--- Information Enclosed Below ---

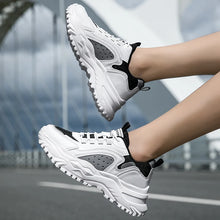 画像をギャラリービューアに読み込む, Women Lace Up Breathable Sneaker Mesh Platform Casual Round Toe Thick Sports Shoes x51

--- End of Enclosed Information ---
--- Information Enclosed Below ---

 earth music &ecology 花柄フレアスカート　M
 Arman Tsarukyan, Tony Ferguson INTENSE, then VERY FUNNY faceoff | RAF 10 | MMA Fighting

--- End of Enclosed Information ---

In your answer, include only the lines above starting at the line that holds "earth music &ecology 花柄フレアスカート　M" and ending at the line that holds "Arman Tsarukyan, Tony", copied exactly.

 earth music &ecology 花柄フレアスカート　M
 Arman Tsarukyan, Tony Ferguson INTENSE, then VERY FUNNY faceoff | RAF 10 | MMA Fighting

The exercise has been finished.